地球環境問題への取り組みで、日本は今後も世界の一歩先を行くであろう。あらゆる状況の下で効果を発揮する、万能な、唯一の手段があるとは考えられない。しかし、日本型ビジネスは、他の国への適用可能性を排除するものではない。
地球環境は悪化しているものの、今が最悪の時というわけではない。むしろ最良の時かもしれない。楽観的な見方をすれば、企業家や技術者は、環境を改善しながら、人々の生活を飛躍的に向上させようとしている。最も人気が高い英国の小説家の一人であるチャールズ・ディケンズは、『二都物語』の中で、「それはおよそ善き時代でもあれば、およそ悪しき時代でもあった」と述べている。これはまさに、現在の世界の状況を物語っているのではないだろうか。
優秀賞
日本の環境・エネルギー・サービス-ダークホース
アナーニャ・ムコパディヤ(インド、41歳)
(仮訳・原文英語)
途上国の人口急増や経済活動の拡大により、持続可能な発展と合わせて天然資源、エネルギー、環境の保全が必要になっている。環境規制の圧力が高まる中、途上国は環境・エネルギー技術の分野におけるインフラ開発に注力している。しかし、途上国の大部分はこうしたインフラプロジェクトを独力で推進する技術力、マネジメント力を持たず、場合によっては財力もないことから、外国の支援を望んでいる。日本は、環境・エネルギー技術の事業分野で、とりわけ設備部門において、非常に進んでおり、国際競争力も高い。インフラプロジェクトに注力する途上国が何よりも必要としているのは、エンジニアリングコンサルティング、設計、開発、法務、検査など「サービス」分野における支援である。プロジェクトをサポートする設備調達は、その後である。残念ながら日本は、環境技術ビジネスのサービス分野において国際競争力があまりない。現在、サービス分野はこの部門の収益の半分を占め、急拡大を続けている。日本が、持続可能な発展という目標を達成するために、途上国と協力していくにあたって、設備分野とともにサービス分野における競争力の確立が必要である。本稿では、環境サービスについて、日本企業が直面するその取引上の課題を論じたうえで、それらの困難を克服するために日本企業が取るべき対策を提言する。
優秀賞
「微分型経営」から「積分型経営」へ-3つのパラダイム転換-
安部直樹(日本、25歳)
資源価格の高騰は需給逼迫という事実だけではなく、将来に対して2つの示唆を与えてくれる。
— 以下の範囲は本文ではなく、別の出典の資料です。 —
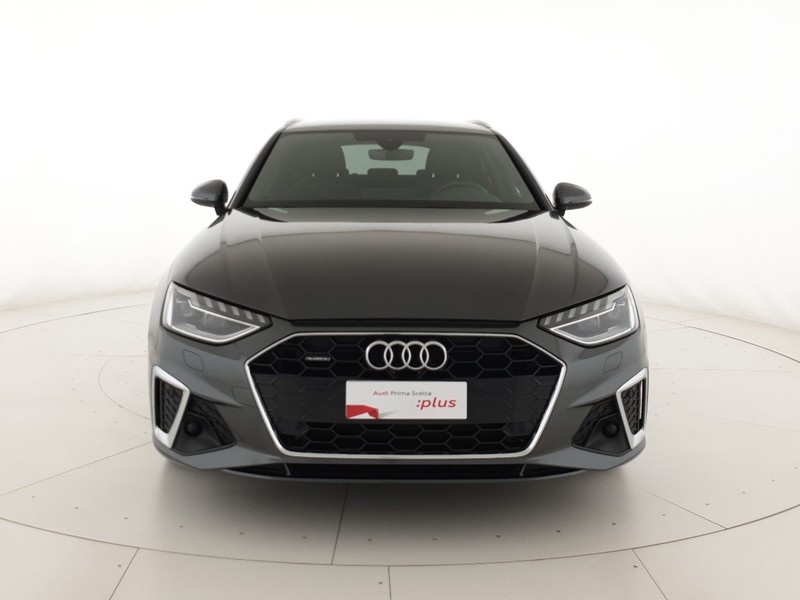 Audi A4 Avant 40TDI 204CV S tronic S line Edition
一つ目は、自然資本(資源)が人工資本(インフラ、機械設備など)や金融資本(資金)よりも重要性を増していくこと、二つ目は、資源価格の高騰が供給ショックではなく、需要サイドの要因によるものであるため、しばらく継続するということである。
これら2つの示唆から導かれる日本企業のとるべき戦略は、(1)いかに資源を確保し、資源小国から脱するか、(2)短期的発想ではなく、長期的な発想で考える、の2点である。(1)に関しては、資源をその性質から1次エネルギー、金属、穀物の3つに分け、それぞれについてパラダイム転換を提案する。キーワードは「ストックからフローへ」、「地下から地上へ」、「使うから造るへ」の3つである。このキーワードに基づけば、日本は資源小国であることを宿命として受け入れる必要はなく、資源が重要な位置を占める資源時代に適応することが可能になる。(2)に関して、キーワードは「微分型経営から積分型経営へ」である。日本企業は資源価格の更なる上昇を見越して、長期的な視野を持ち、単年での収益最大化ではなく、数十年単位での収益最大化を目指すべきなのである。
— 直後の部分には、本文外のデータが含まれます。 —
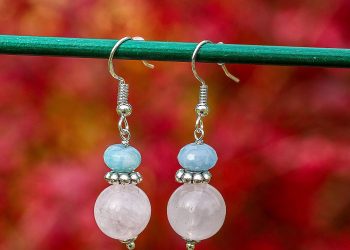 Чи знімати прикраси на ніч?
以上をまとめると、日本企業は3つのパラダイム転換に沿って、長期的な視点での経営を行うべきである。さらに、こうした日本の新たなビジネスモデルを世界の太宗を占める非資源国へと広げることができれば、日本企業の商機になると同時に、地球規模での持続可能な成長が可能になるのではないだろうか。
審査委員長特別賞
地球と経済のための日本の環境技術
シェレン・ハーリム(インドネシア、19歳)
(仮訳・原文英語)
近年、自然保護の必要性は、単なる予測を超えて世界的な課題となっている。環境被害は(中国、米国など)多くの国々に何十億ドルもの損失をもたらしている。この数字は年々急増しているため、もはや見過ごすことはできない。徐々にではあるが確実に、世界中の指導者やエコノミストは環境上の影響を考慮しはじめている。世界は明らかに革命を経験しつつある。今回、それは環境問題である。
環境と経済成長のどちらを優先すべきかという議論が常にある。この問いかけは、両者が全く別ものだということを前提としているが、その考え方は果たして正しいのだろうか。本稿では、環境保護と経済成長が実は密接に関連しあっていることを明らかにしたい。なぜなら、一方をおろそかにすれば他方が負の影響を受けるからだ。
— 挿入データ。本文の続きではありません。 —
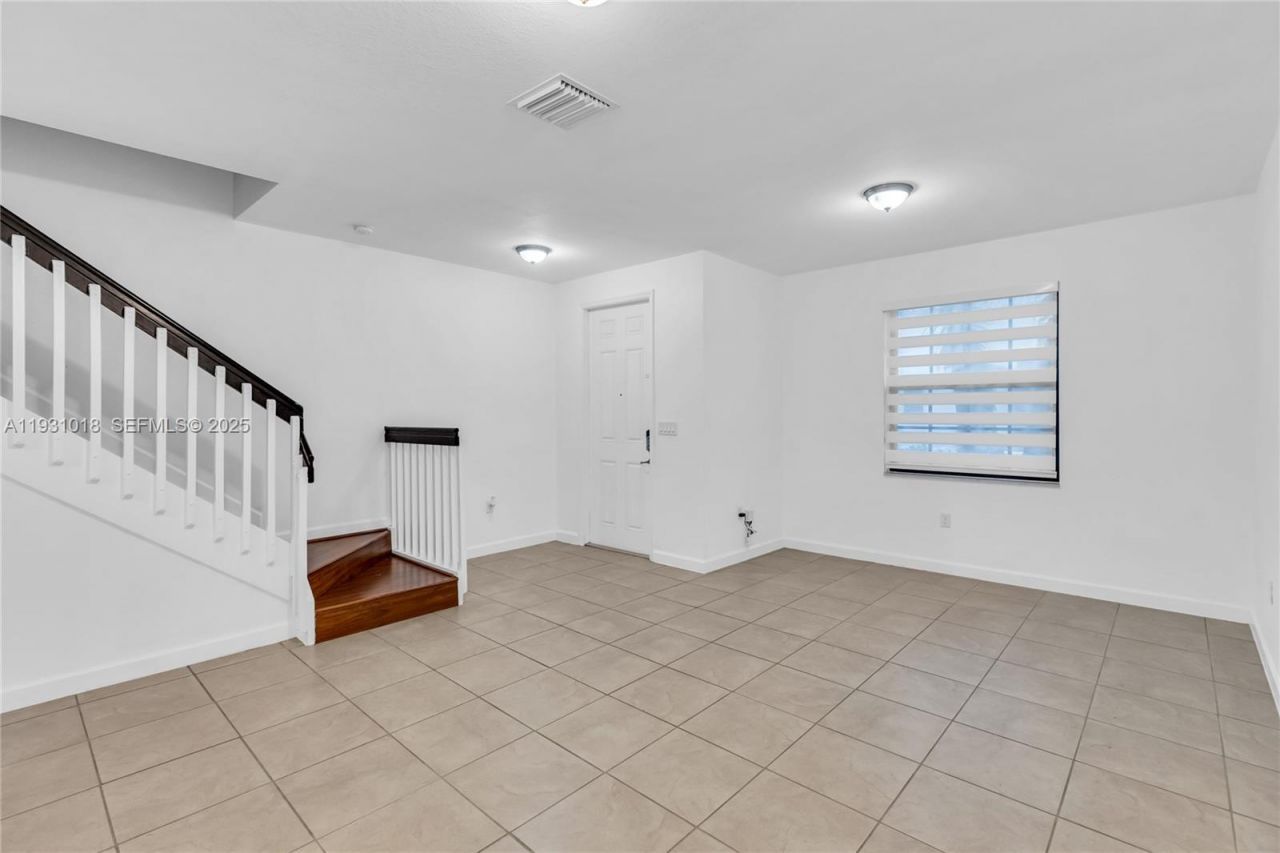3549 W 89th Pl, Unit 3549, Hialeah, FL 33018 Photo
今、世界に必要なのは、持続可能性という価値観を取り入れたビジネスモデルである。そうした要素を取り込むだけでなく、これを収益機会にも転じる枠組みである。環境に優しい技術(グリーン技術)を通じて、日本は21世紀の市場をリードする競争優位性を獲得している。
本稿ではまず、環境条件がいかに経済成長の中で決定的役割を果たすか、それが将来的にいかに新しい経済のあり方をもたらすかを説明する。さらに、環境技術や利益を出す事業哲学を通じて、日本はこれを大きなチャンスととらえることができるし、そうとらえなければならないことを論じる。環境技術の市場は主に途上国、とりわけ中国になるであろう。これら途上国は現在、急激に成長しており、最大のエネルギー利用国、そして汚染物質排出国にもなるであろう。したがって日本は、投資、資金提供(とりわけ研究開発、そしてその実践者)、技術移転などさまざまな方法で、途上国とのパートナーシップを強化することがきわめて重要である。本稿ではまた、意識の啓発、専門性の最適活用など、日本がその立場を強固なものにするうえでとるべきアプローチについて検討したい。最後に、「持続可能な成長、環境、生活」という日本の最大の目標にあらためて言及し、全体をまとめ、結論を導きたい。